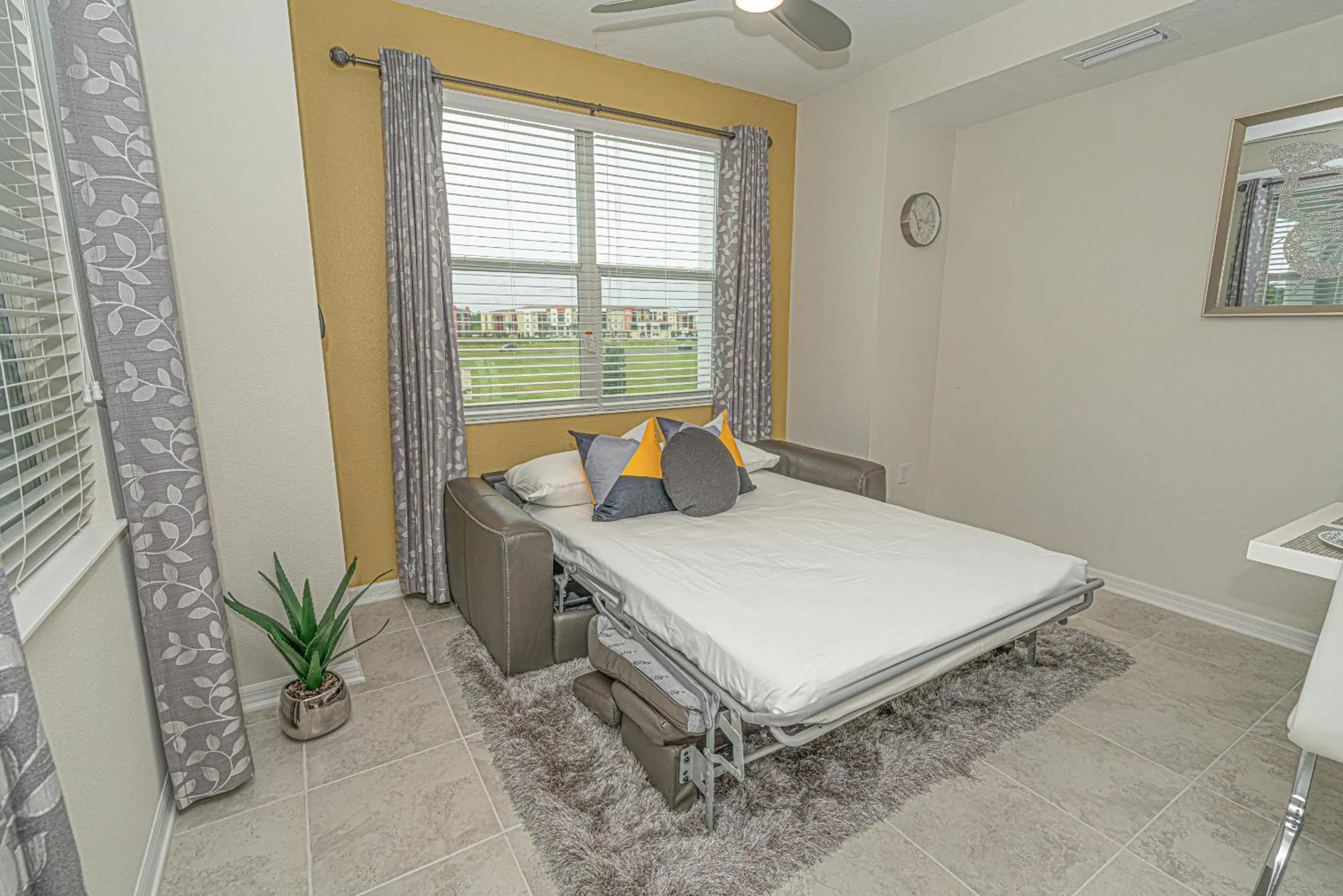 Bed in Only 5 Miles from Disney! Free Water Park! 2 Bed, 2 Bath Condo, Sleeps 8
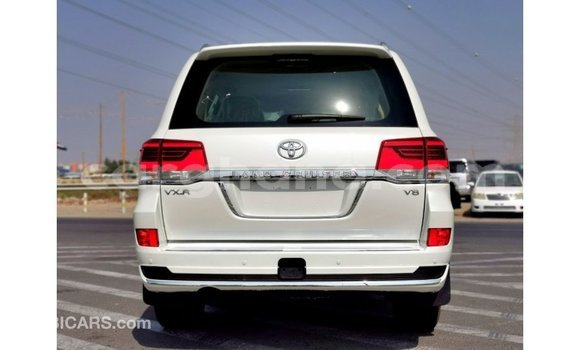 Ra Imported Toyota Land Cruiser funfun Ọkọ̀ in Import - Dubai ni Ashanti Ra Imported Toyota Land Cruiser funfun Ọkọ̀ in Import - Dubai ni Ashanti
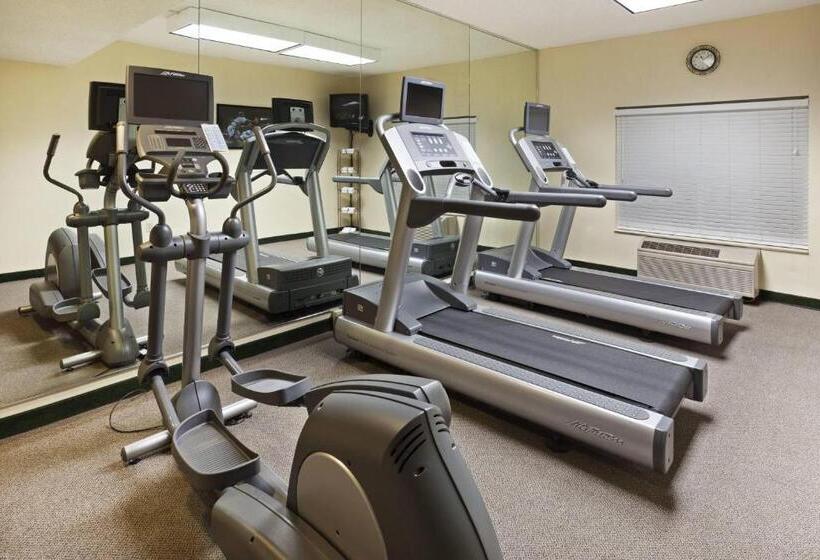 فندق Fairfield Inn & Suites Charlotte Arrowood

· · · ·

▶ Problem requirements: When you copy the data, keep every line exact and drop the pictures.

▶ Exercise answer:
 Bed in Only 5 Miles from Disney! Free Water Park! 2 Bed, 2 Bath Condo, Sleeps 8
 Ra Imported Toyota Land Cruiser funfun Ọkọ̀ in Import - Dubai ni Ashanti Ra Imported Toyota Land Cruiser funfun Ọkọ̀ in Import - Dubai ni Ashanti
 فندق Fairfield Inn & Suites Charlotte Arrowood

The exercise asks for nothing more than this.